___ Data ___

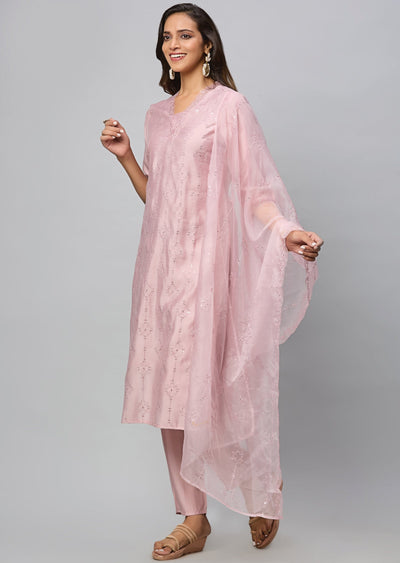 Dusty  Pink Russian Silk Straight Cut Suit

___
___ Data ___

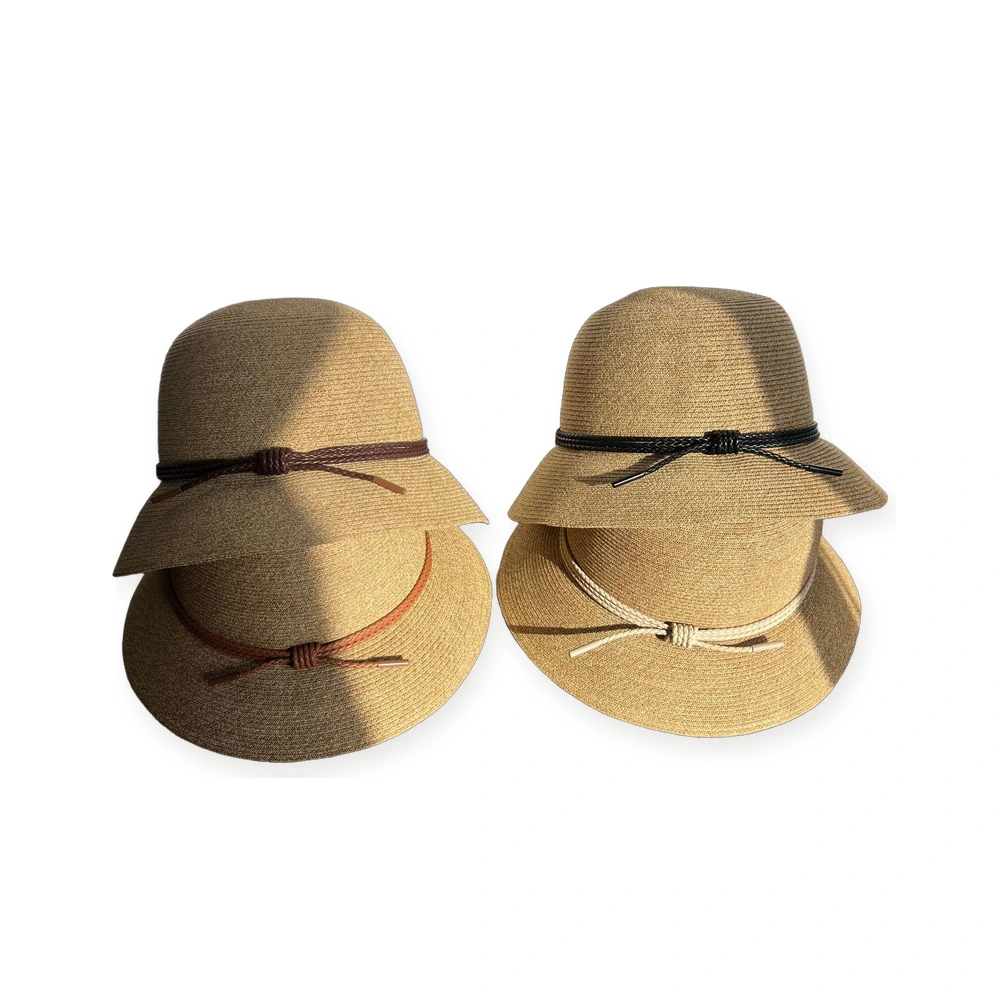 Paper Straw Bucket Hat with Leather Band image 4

___
___ Data ___

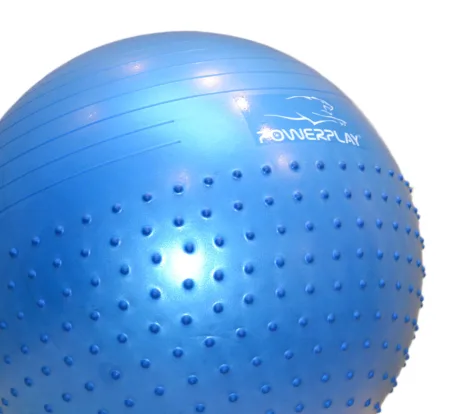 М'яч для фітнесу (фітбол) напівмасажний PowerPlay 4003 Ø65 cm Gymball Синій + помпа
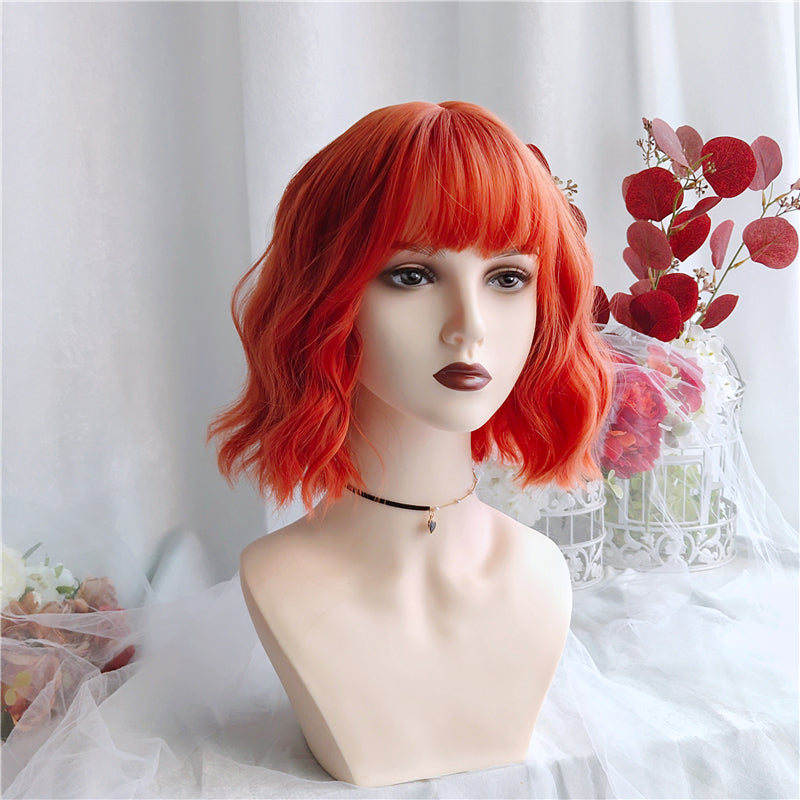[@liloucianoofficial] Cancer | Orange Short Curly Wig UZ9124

___

# Your assignment
Take the material above from the line bearing "М'яч для фітнесу" through the line bearing "[@liloucianoofficial] Cancer |" and write it out exactly, both end lines included. Pictures stay out.

# Exercise output
 М'яч для фітнесу (фітбол) напівмасажний PowerPlay 4003 Ø65 cm Gymball Синій + помпа
[@liloucianoofficial] Cancer | Orange Short Curly Wig UZ9124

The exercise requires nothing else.